Tue. Mar 3rd, 2026

Recently, the decision was made to turn the public restrooms at Waunfawr Park in Risca into a “takeaway café.” I don’t know who’s in charge of these things but seems to me like taking the only public toilets out of a sprawling park where sporting events are often held and elderly people spend their days walking their dogs and kids come to play after school is a stupid fucking idea. 

But I’m not in charge of these things. 

(Jay tells me that they, at least, left a single disabled toilet, which is something. I guess.)

We had an hour to kill the other day so we decided to stop by and see what was on offer. 

For total clarity, I already wasn’t feeling well when we pulled up. I had a migraine for the sixth day in a row and even though it was cloudy, the sunlight was killing me. 

When we arrived, though, a pair of crows we feed (sort of) regularly saw us and called out, so things started to look up.
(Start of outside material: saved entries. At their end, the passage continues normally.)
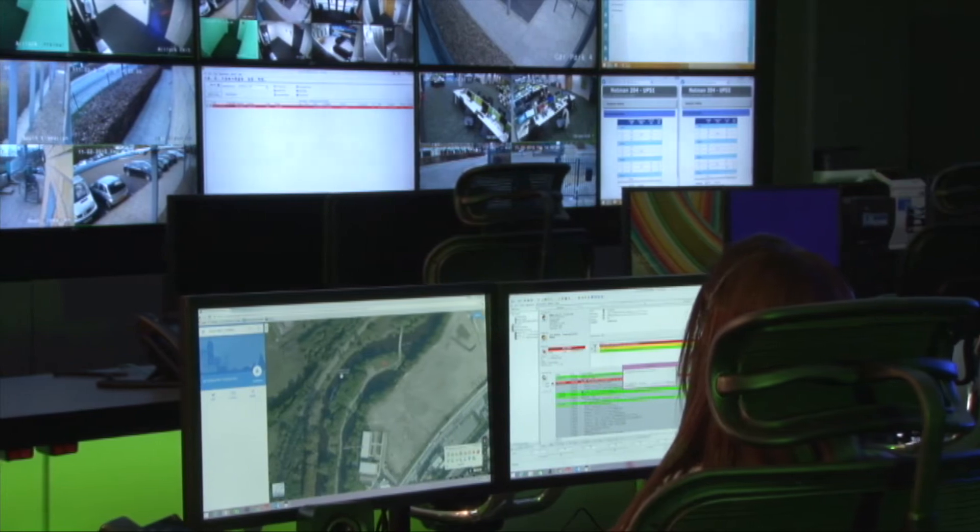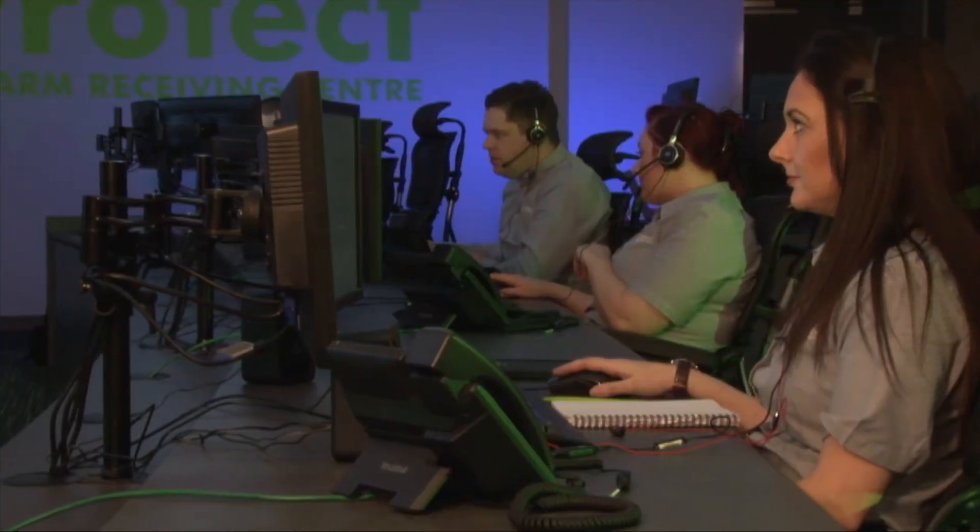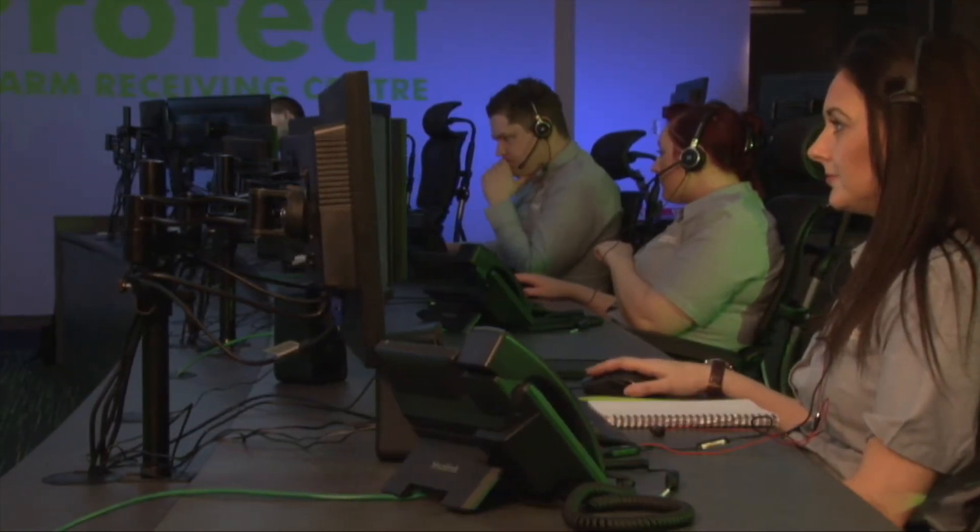What happens next is equally important, and that is the verification process. The verification process refers to the length of time it takes for an operator to make a judgment on that situation as it's unfolding. Operators here at Zona Protect listen for those indicators, and that determines next steps — which could be continued monitoring of the individual or escalation to the police through a dedicated line.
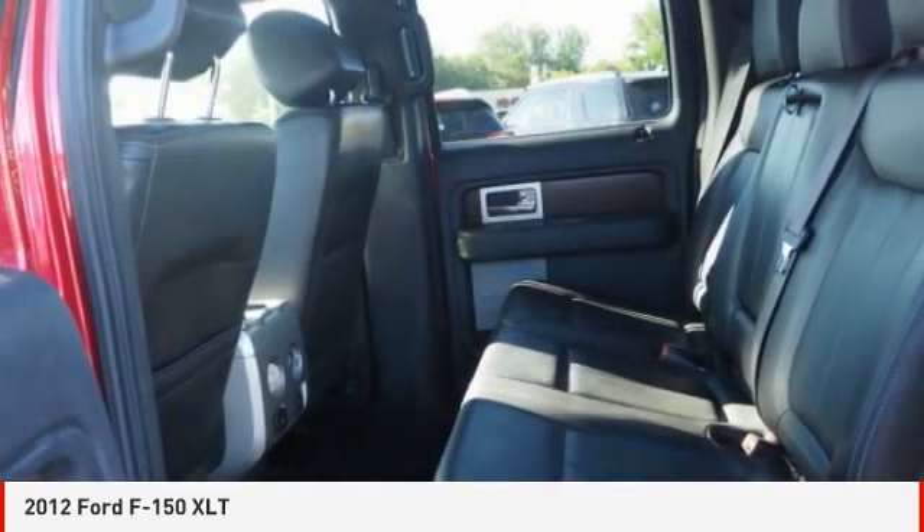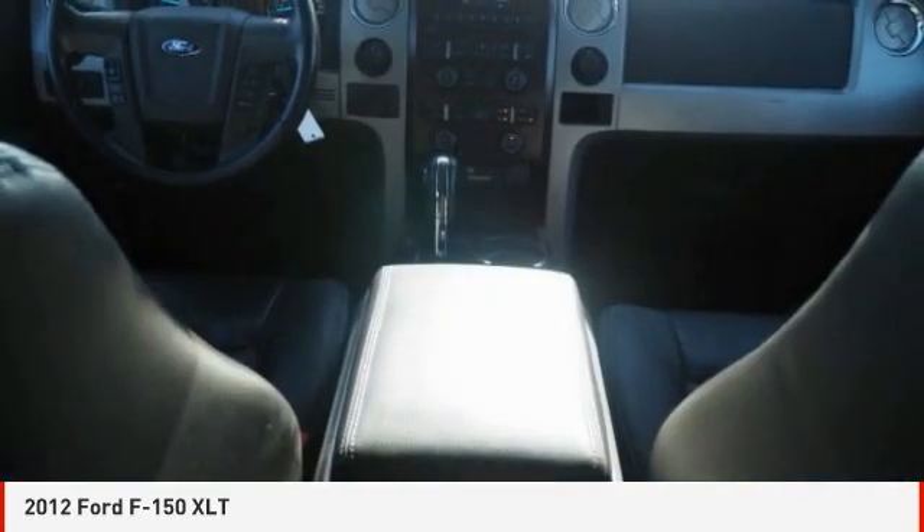A vehicle like this doesn't come along every day. Come in and get it before someone else does.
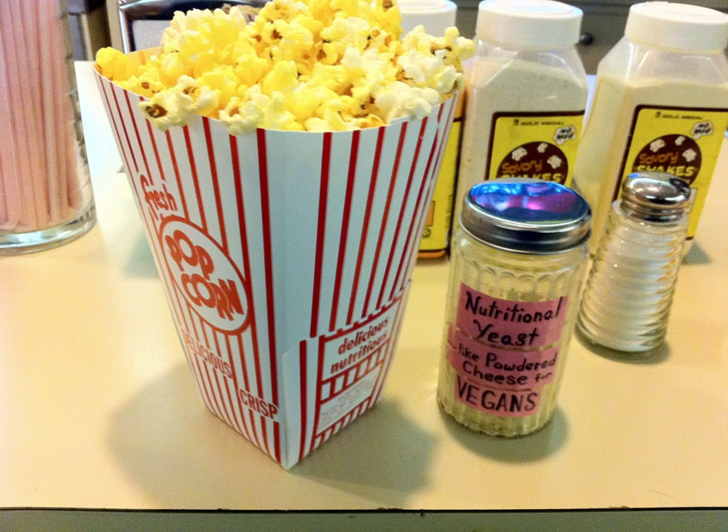Popcorn seasoning can refer to a variety of seasonings that are used to add flavor to popcorn. In the United States, popcorn seasoning is mass-produced by several companies for commercial and consumer use. Popcorn seasonings may be used to enhance the flavor of popcorn, and some are used to add a buttery flavor to popcorn.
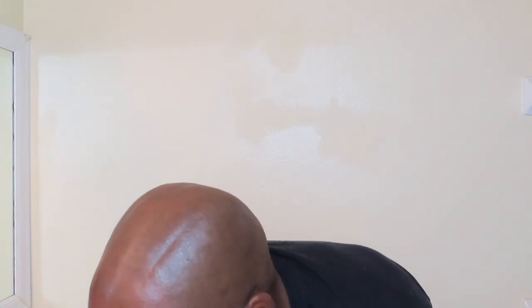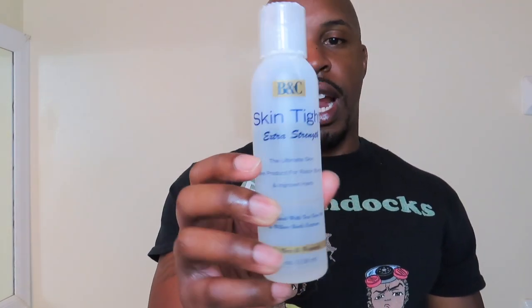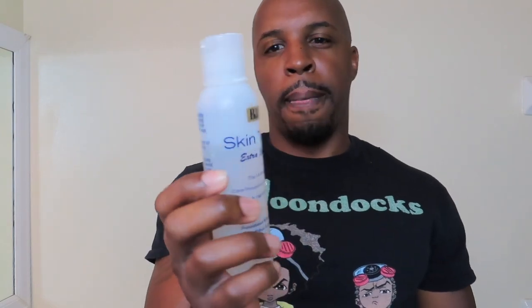Something I used to use that used to work for me that I didn't mention yet was Skin Tight Extra Strength, which I would get from Sally's. This used to work for me, but more recently it hasn't been doing anything. I still have some so I'll probably just use it since I purchased it, but I can't say it's been giving me great results lately. The Tin Skin, the rubbing alcohol, and the witch hazel pads — I'm almost out so I'll probably just buy a bottle of witch hazel this weekend — gave me great results.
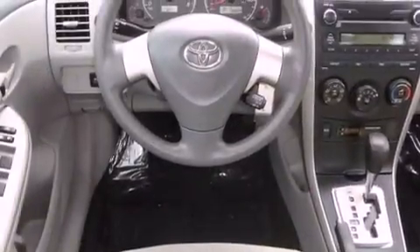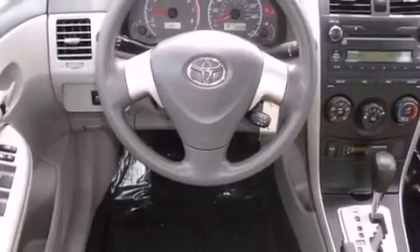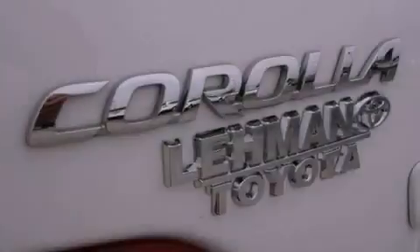Features include satellite radio, a low-tire pressure indicator, full power accessories, an engine immobilizer theft deterrent system, multi-reflector halogen headlights, a brake assist system, air conditioning, and a rear window defroster. This vehicle has fewer than 39,000 miles on the odometer.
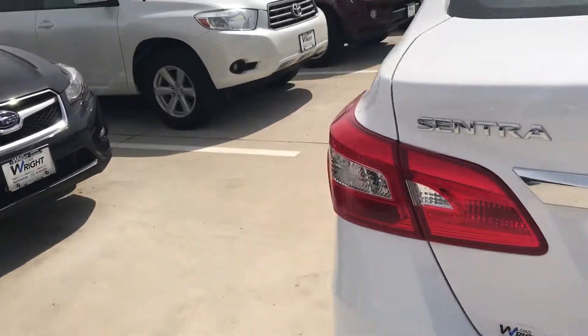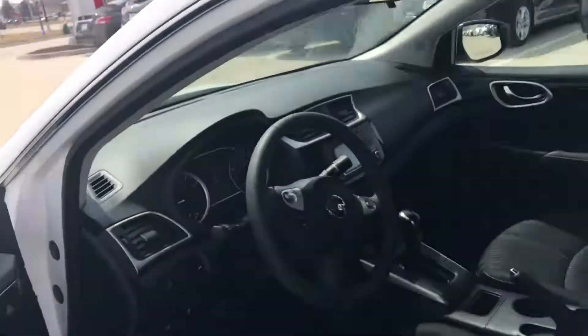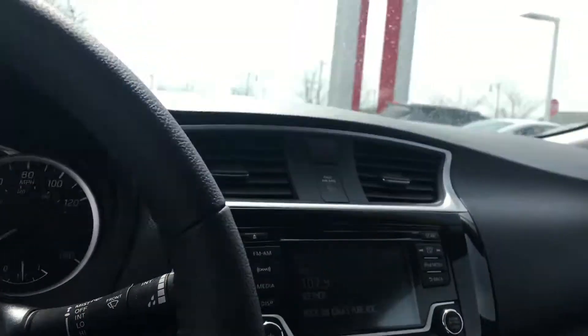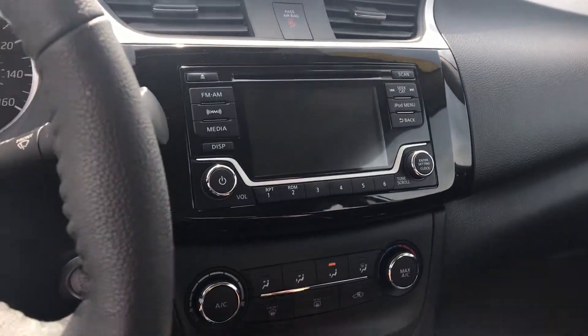It does have, of course, air conditioning. It does have the movable seats, cruise control, but it has a few other goodies as well. One of the big things that I like is that you get your nice reverse camera — very HD 5-inch screen.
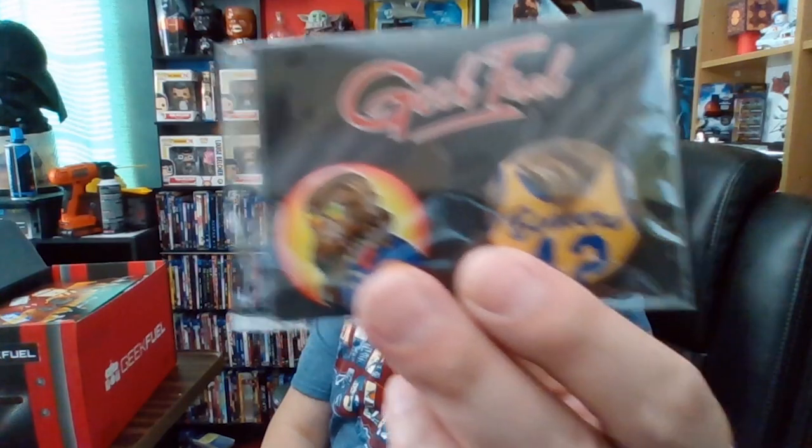This was right after Back to the Future, when I became one of Michael J. Fox's biggest fans — he was my hero in the 80s, one of my heroes. So that's cool. You get two buttons this time; usually Geek Fuel just gives you one but now I have two. I'm not a big button guy, but my daughter might enjoy these.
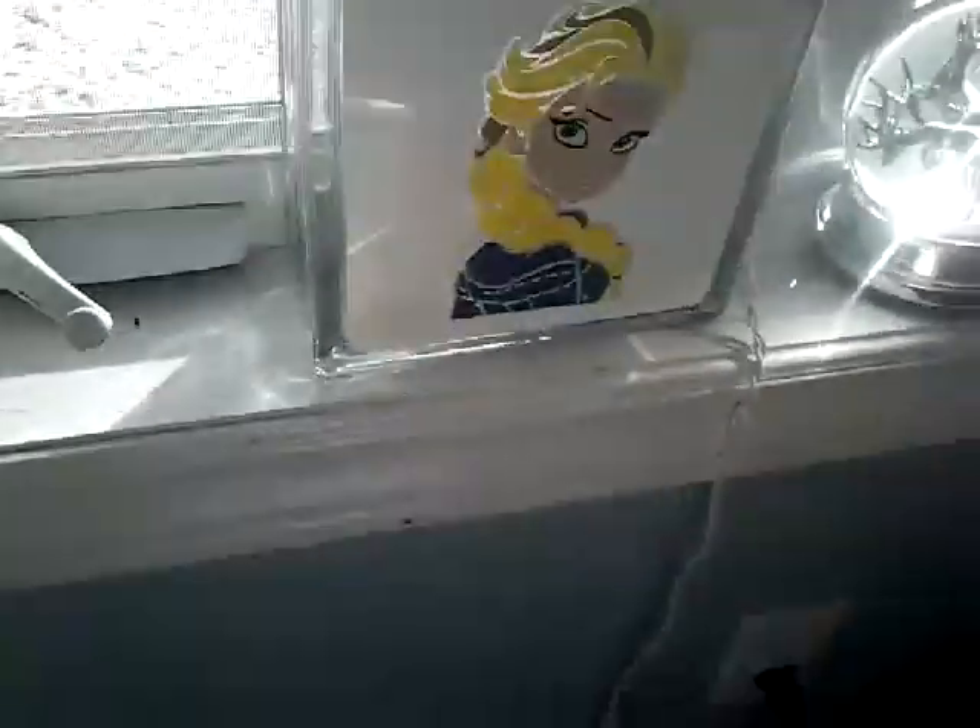Then I have this Elsa lake that I got when I was little. Then here I have this very breakable reindeer snow globe. So it has some reindeer in it.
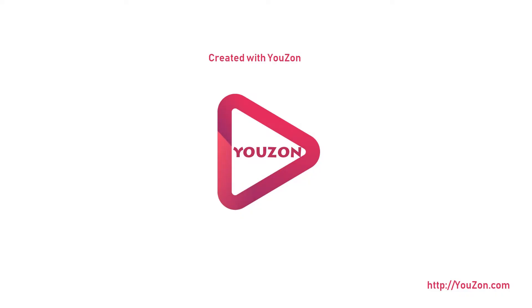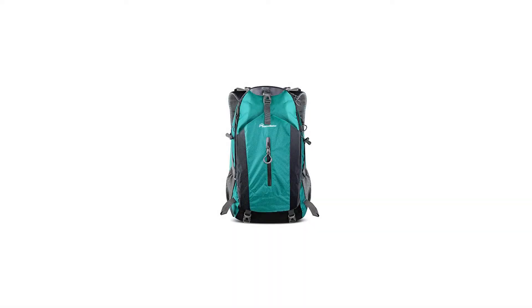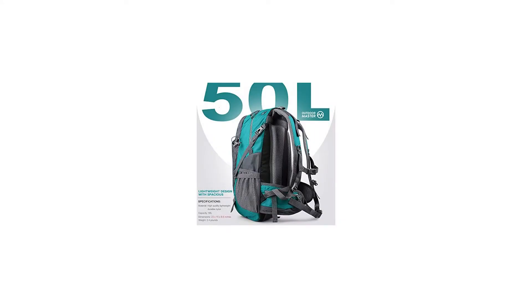Multi-Purpose 50L Hiking Backpack — spacious hiking and travel backpack packed with many pockets and features. Great for hiking, travel, camping, and as carry-on luggage, for both men and women. The only backpack you need.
We grabbed some nuts and made our way down to The Hatch. Jay ordered (adding Flakes to our bubble gum/rum and raisin ice cream cones like the lunatic he is,) and told me to wait for them while he threw some nuts down for the birds. 

Seems like something even someone with my tenuous grasp on adulting could handle, right? 

Enter Old White Man™. 

*sigh*

I was there, waiting patiently (if awkwardly) and this OWM struts right up to the counter, shrivelled dick first, forcing me to move or have my personal space violated. I moved because if someone had touched me at that point, I would have thrown up on them. (And then possibly beaten them to death with my cane.)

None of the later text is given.